#### SUPPLIED DATA

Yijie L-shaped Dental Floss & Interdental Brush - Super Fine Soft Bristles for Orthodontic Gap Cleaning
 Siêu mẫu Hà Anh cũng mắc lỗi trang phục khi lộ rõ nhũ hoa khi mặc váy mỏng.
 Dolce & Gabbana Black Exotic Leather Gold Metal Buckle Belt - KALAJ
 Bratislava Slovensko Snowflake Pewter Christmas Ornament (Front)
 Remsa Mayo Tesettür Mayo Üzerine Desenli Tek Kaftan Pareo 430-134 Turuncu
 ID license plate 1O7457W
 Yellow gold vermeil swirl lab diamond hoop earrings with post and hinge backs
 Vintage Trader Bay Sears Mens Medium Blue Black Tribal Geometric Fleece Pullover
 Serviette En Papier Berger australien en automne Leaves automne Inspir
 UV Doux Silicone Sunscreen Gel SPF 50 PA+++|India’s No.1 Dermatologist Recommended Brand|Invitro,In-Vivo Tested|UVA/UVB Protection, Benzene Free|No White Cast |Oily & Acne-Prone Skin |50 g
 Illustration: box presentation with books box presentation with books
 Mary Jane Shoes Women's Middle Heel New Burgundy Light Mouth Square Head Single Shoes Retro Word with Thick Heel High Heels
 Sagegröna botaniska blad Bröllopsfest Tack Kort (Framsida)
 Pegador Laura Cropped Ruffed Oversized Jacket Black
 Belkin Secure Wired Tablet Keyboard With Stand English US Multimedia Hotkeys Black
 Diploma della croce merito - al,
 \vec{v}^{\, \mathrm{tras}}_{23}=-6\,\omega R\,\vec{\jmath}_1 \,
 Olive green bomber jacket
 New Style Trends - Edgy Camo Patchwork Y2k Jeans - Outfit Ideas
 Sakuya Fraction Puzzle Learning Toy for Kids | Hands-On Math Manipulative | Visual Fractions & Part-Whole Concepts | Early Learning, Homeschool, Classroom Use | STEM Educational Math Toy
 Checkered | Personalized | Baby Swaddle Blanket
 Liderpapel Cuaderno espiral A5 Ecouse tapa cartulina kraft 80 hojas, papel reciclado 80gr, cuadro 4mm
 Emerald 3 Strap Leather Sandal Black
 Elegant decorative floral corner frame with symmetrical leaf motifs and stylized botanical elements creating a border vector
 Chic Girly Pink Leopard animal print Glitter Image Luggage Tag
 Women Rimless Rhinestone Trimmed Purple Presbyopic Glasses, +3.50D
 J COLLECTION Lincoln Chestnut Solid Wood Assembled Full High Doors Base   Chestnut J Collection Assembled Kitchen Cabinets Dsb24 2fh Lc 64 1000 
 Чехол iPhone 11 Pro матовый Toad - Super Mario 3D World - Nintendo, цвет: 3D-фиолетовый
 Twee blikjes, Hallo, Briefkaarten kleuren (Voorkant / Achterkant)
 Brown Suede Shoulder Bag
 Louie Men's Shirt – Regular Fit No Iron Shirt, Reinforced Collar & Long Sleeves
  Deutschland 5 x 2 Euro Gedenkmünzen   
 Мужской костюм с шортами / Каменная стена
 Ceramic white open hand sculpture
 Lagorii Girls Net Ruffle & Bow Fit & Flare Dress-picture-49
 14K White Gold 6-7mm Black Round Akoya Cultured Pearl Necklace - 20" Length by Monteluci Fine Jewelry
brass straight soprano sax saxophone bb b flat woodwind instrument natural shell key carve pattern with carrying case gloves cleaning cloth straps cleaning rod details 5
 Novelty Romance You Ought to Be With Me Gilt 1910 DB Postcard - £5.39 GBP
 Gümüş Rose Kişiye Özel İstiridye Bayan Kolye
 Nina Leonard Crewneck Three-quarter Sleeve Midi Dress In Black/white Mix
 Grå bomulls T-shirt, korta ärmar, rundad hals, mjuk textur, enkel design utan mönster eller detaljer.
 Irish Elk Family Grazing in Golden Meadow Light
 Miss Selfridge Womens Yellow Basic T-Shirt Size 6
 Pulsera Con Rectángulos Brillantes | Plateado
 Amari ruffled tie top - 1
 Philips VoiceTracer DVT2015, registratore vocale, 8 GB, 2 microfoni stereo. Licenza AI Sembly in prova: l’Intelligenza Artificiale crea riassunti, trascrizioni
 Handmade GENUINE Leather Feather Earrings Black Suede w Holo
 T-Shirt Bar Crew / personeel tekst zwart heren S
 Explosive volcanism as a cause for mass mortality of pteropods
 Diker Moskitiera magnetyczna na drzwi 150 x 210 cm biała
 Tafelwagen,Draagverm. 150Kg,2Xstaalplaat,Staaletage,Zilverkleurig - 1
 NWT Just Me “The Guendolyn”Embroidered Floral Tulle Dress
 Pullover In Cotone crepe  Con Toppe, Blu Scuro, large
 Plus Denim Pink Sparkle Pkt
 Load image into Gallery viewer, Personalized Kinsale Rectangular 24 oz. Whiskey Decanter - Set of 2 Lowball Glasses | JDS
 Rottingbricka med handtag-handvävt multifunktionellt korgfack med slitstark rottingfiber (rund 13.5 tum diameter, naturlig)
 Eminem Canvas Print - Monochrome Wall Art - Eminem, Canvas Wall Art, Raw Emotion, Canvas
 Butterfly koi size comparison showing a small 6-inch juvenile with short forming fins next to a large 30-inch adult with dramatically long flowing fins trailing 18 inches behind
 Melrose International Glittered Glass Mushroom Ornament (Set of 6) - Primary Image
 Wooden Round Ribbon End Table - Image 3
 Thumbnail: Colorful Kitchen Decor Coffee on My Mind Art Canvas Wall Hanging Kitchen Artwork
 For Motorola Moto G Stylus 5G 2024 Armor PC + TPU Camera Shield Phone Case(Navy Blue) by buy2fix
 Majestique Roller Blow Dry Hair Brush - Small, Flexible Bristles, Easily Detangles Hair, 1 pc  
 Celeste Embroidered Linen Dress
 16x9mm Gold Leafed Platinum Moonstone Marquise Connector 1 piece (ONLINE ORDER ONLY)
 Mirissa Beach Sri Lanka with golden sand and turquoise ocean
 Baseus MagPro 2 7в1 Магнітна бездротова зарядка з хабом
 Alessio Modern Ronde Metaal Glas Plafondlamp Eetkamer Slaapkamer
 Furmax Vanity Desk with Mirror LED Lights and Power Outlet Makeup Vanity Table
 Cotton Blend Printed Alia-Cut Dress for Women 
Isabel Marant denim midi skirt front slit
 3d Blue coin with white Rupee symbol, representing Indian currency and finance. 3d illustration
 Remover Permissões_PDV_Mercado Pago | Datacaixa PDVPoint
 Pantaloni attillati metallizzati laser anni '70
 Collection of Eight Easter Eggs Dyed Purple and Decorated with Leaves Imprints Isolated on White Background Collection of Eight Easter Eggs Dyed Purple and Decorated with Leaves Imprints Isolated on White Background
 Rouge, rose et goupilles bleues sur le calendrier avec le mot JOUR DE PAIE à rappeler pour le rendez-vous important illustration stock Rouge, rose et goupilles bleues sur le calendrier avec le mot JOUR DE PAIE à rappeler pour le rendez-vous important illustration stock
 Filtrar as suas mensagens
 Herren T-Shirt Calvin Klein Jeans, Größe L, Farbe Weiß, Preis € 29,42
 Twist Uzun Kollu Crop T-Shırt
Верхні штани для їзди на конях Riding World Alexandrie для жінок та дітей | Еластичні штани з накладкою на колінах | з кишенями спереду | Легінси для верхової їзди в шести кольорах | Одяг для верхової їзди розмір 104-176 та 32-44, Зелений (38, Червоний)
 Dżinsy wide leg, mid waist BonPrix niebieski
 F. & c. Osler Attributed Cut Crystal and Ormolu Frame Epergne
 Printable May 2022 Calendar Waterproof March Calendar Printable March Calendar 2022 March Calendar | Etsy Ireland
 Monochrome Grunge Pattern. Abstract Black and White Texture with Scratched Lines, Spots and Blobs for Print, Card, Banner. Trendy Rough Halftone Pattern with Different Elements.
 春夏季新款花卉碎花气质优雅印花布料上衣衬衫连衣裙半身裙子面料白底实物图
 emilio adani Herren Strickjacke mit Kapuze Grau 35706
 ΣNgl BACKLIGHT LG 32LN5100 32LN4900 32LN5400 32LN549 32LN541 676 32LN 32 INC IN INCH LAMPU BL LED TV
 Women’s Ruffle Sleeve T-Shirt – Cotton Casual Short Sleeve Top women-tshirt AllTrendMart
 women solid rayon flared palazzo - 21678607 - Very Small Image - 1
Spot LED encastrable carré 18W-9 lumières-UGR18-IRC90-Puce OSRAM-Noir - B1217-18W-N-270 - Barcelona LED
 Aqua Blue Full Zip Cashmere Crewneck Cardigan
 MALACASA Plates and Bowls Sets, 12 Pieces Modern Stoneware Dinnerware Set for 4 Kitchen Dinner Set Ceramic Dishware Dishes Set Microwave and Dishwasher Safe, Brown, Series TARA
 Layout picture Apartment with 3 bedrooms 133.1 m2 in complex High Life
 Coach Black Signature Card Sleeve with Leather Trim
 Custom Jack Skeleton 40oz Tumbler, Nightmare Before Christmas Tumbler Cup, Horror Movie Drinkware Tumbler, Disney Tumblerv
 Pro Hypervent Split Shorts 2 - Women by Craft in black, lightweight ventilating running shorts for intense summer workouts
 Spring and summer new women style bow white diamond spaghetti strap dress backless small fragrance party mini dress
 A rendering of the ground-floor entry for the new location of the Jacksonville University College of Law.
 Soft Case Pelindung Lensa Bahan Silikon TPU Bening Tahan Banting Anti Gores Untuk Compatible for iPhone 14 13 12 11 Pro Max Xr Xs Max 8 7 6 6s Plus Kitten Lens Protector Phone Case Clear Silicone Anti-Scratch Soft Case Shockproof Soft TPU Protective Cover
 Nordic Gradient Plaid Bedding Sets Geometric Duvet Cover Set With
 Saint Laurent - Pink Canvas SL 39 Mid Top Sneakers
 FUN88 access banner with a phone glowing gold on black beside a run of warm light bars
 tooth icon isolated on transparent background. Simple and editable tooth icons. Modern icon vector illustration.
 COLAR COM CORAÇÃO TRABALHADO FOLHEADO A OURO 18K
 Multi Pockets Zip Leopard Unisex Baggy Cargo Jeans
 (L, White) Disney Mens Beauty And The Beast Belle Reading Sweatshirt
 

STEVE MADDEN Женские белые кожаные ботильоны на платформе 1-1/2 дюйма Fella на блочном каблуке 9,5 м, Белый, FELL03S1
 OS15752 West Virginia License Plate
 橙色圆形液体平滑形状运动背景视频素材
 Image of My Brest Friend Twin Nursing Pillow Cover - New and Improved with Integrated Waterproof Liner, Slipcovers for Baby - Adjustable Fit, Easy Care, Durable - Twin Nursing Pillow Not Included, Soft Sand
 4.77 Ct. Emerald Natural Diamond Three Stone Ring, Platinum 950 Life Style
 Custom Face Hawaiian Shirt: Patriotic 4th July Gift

#### REQUIREMENT
Copy verbatim, from the listing above, each line from the one containing "Louie Men's Shirt" down to the one containing "Eminem Canvas Print", inclusive.

#### EXERCISE ANSWER
 Louie Men's Shirt – Regular Fit No Iron Shirt, Reinforced Collar & Long Sleeves
  Deutschland 5 x 2 Euro Gedenkmünzen   
 Мужской костюм с шортами / Каменная стена
 Ceramic white open hand sculpture
 Lagorii Girls Net Ruffle & Bow Fit & Flare Dress-picture-49
 14K White Gold 6-7mm Black Round Akoya Cultured Pearl Necklace - 20" Length by Monteluci Fine Jewelry
brass straight soprano sax saxophone bb b flat woodwind instrument natural shell key carve pattern with carrying case gloves cleaning cloth straps cleaning rod details 5
 Novelty Romance You Ought to Be With Me Gilt 1910 DB Postcard - £5.39 GBP
 Gümüş Rose Kişiye Özel İstiridye Bayan Kolye
 Nina Leonard Crewneck Three-quarter Sleeve Midi Dress In Black/white Mix
 Grå bomulls T-shirt, korta ärmar, rundad hals, mjuk textur, enkel design utan mönster eller detaljer.
 Irish Elk Family Grazing in Golden Meadow Light
 Miss Selfridge Womens Yellow Basic T-Shirt Size 6
 Pulsera Con Rectángulos Brillantes | Plateado
 Amari ruffled tie top - 1
 Philips VoiceTracer DVT2015, registratore vocale, 8 GB, 2 microfoni stereo. Licenza AI Sembly in prova: l’Intelligenza Artificiale crea riassunti, trascrizioni
 Handmade GENUINE Leather Feather Earrings Black Suede w Holo
 T-Shirt Bar Crew / personeel tekst zwart heren S
 Explosive volcanism as a cause for mass mortality of pteropods
 Diker Moskitiera magnetyczna na drzwi 150 x 210 cm biała
 Tafelwagen,Draagverm. 150Kg,2Xstaalplaat,Staaletage,Zilverkleurig - 1
 NWT Just Me “The Guendolyn”Embroidered Floral Tulle Dress
 Pullover In Cotone crepe  Con Toppe, Blu Scuro, large
 Plus Denim Pink Sparkle Pkt
 Load image into Gallery viewer, Personalized Kinsale Rectangular 24 oz. Whiskey Decanter - Set of 2 Lowball Glasses | JDS
 Rottingbricka med handtag-handvävt multifunktionellt korgfack med slitstark rottingfiber (rund 13.5 tum diameter, naturlig)
 Eminem Canvas Print - Monochrome Wall Art - Eminem, Canvas Wall Art, Raw Emotion, Canvas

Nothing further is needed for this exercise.